In this section we’ll deploy the workload to the primary region.

Create a prefix list for ingress

Follow the instructions to create a VPC prefix list that specifies the CIDR ranges for ingress. We use this prefix list to control access to lab resources from an approved network block. If you are using an Event Engine account, you can create a prefix list that just contains 0.0.0.0/0.

Download and review scripts and templates

Download the following files:

Make sure that your browser does not change the file extensions of these files. The CloudFormation template should have a .yaml extension.

Let’s review what’s in these files. You can open them in your favorite text editor to review in detail. The CloudFormation script, workload.yaml, creates the analytics workload, including the S3 CRR policy. The script accepts six groups of inputs, and we have provided sane default values for most of them.

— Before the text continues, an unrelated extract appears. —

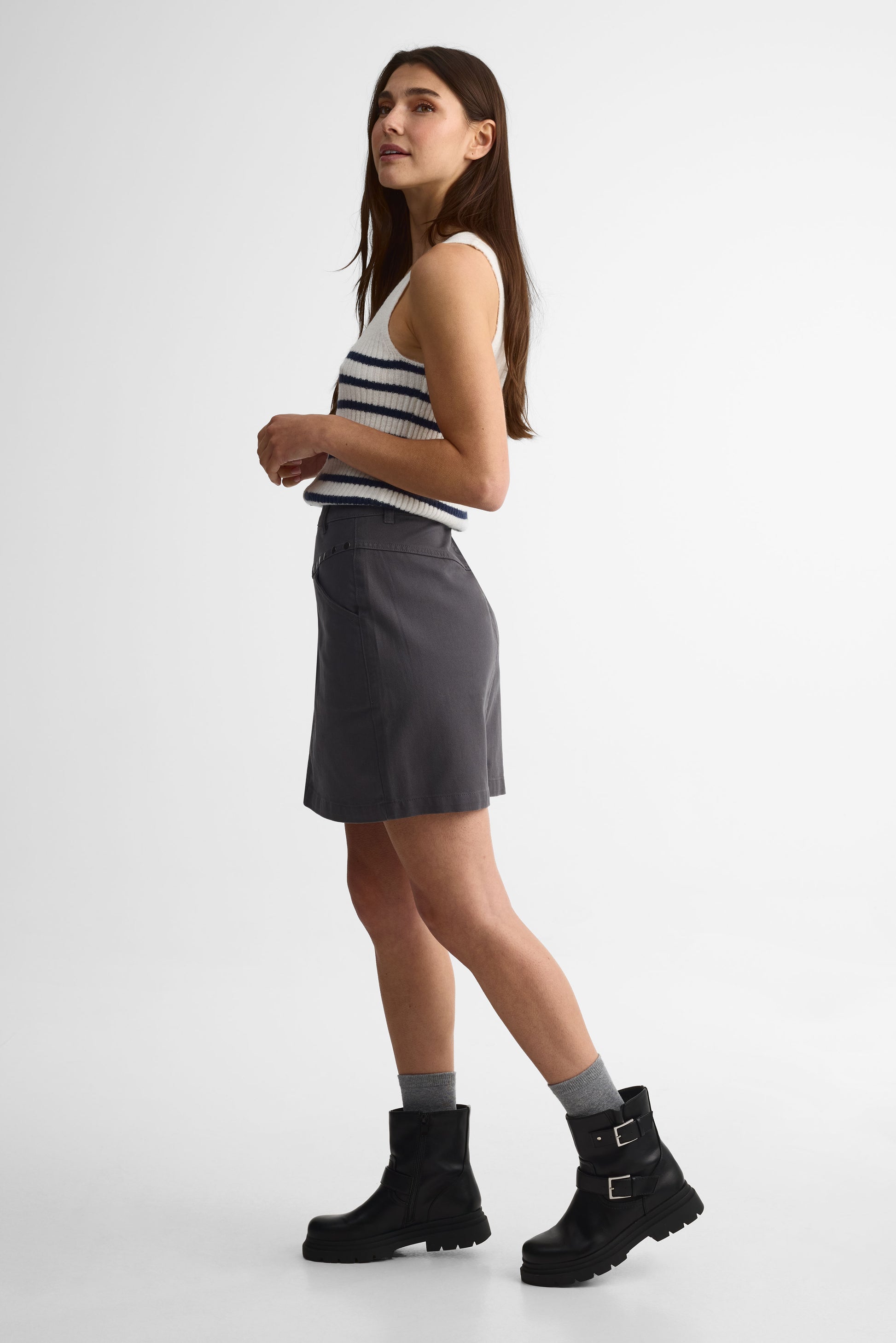Jupe courte taille haute en twill - Femme && CHARBON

  • VPC networking parameters. The defaults will work for most of these arguments, and the driver script create.sh will prompt for the others.
  • The Global Accelerator endpoint name. The default value should work well.
  • AWS Glue database and table names. The default values should be fine.
  • Settings for the EC2 instance that we use as a tweet producer. The default values should be fine.
  • The shard count for the Kinesis streams we use. The default values should be fine for this workshop.
  • A tag value we use to identify resources used in this stack. The default value should be fine.
  • The bucket name we use to store data and a bucket name used for cross-region replication in the backup region. Both of these arguments come from the previous section where we deployed some DR infrastructure in the backup region.

The tweetmaker.py script is the Python code that simulates sending incoming tweets to our endpoint. The compaction.py script is code for a Glue ETL job that processes raw data into a more efficient storage format.

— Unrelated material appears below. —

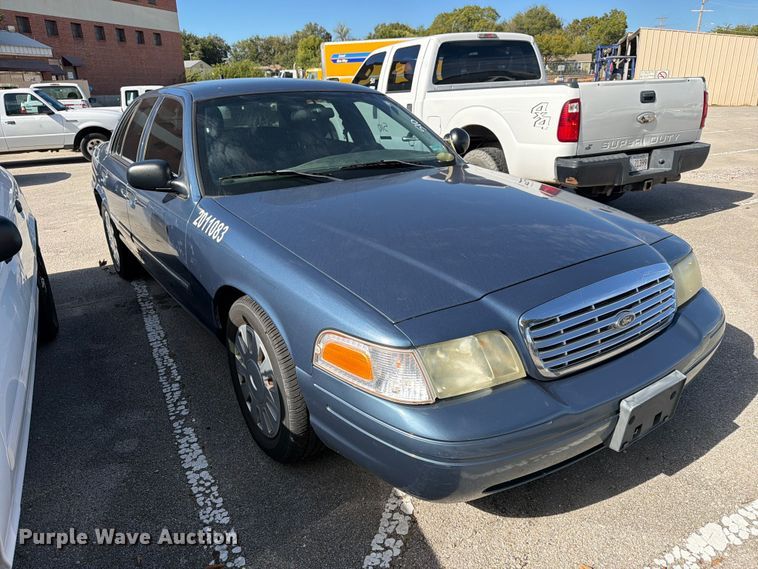 image for item FU5021 2011 Ford Crown Victoria Police Interceptor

The create.sh script is purely for convenience. It uploads workload.yaml and the Python scripts to the S3 template bucket, and then creates the CloudFormation stack, passing in the required input arguments.

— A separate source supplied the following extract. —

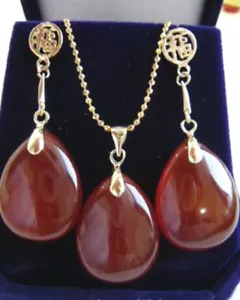 Genuino Red Jade Drop 18KGP Fortune Dangle colgante cadena collar pendientes Set - Imagen 1 de 3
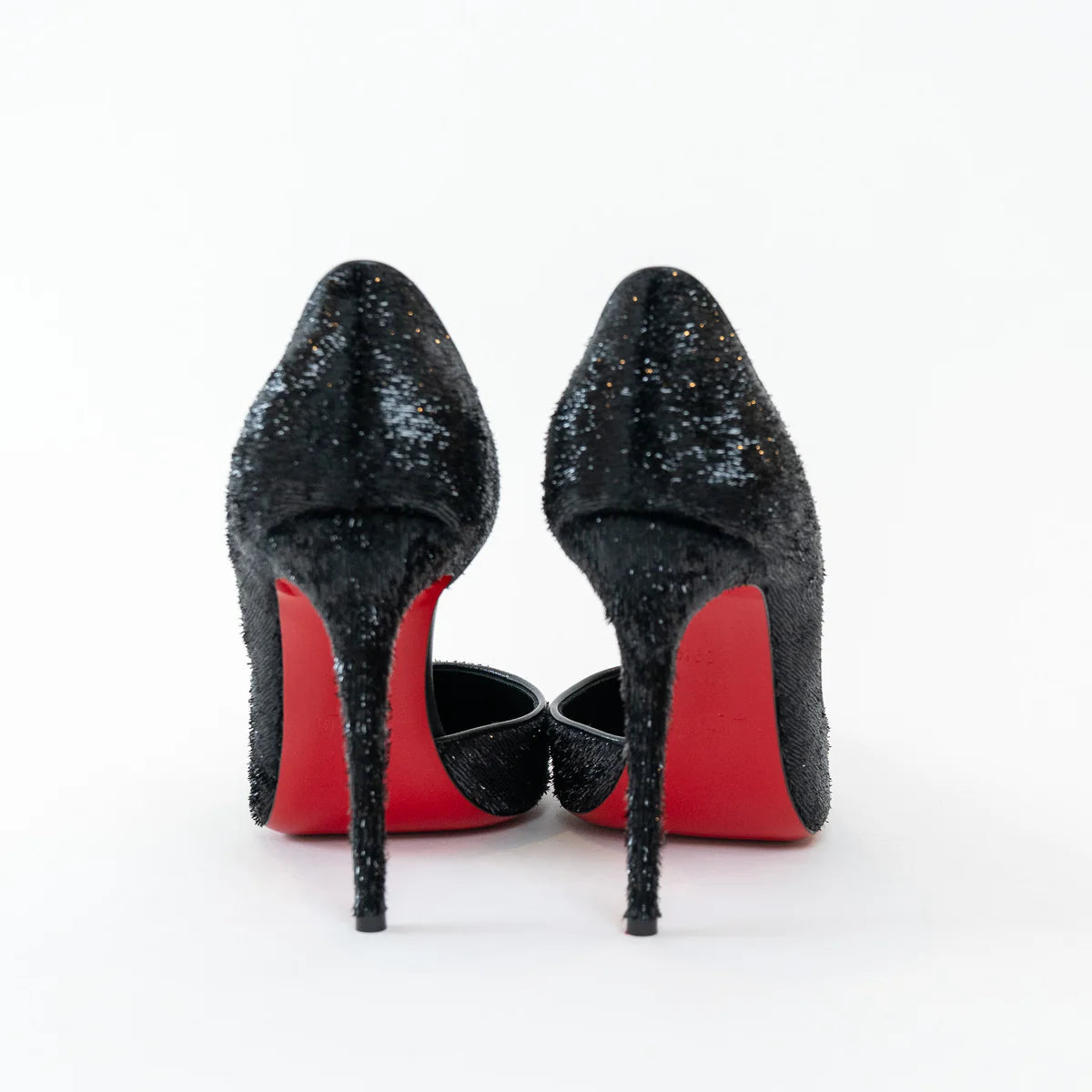 Christian Louboutin Black Velvet Iriza Pumps Size 39.5 Coeur Cult Core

In your working directory, place create.sh in a directory called scripts and place the file workload.yaml in a directory called cfn. Place tweetmaker.py in a directory called src and compaction.py in a directory called glue.

Deploy stack

Now create the stack in the primary region:

export AWS_PROFILE=PRIMARY
chmod +x ./scripts/create.sh
./scripts/create.sh <template bucket> <template prefix> <stack name> <REGION> <backup bucket name> <ingress prefix list> 

The input arguments are:

  • template bucket - the name of the S3 bucket we created in the previous section. We use it to store the CloudFormation templates and other data.
  • template prefix - An S3 prefix we append to the CloudFormation template file names. We use cfn as a convention.
  • stack name - The name of the CloudFormation stack. You can pick any suitable name.
  • REGION - The primary region. This argument is the region that the template bucket is in, and we created the template bucket in the primary region.
  • backup bucket name - The name for the S3 bucket used for data replication. Use the name of the backup bucket you created in the previous section.
  • ingress prefix list - Use the identifier of the VPC prefix list you created for the primary region in the Getting Started section.

For example:

./scripts/create.sh backuprestore cfn BackupRestore us-west-2 MyBackupBucket MyPrefixList 

To update the stack, add the --update flag as the last argument.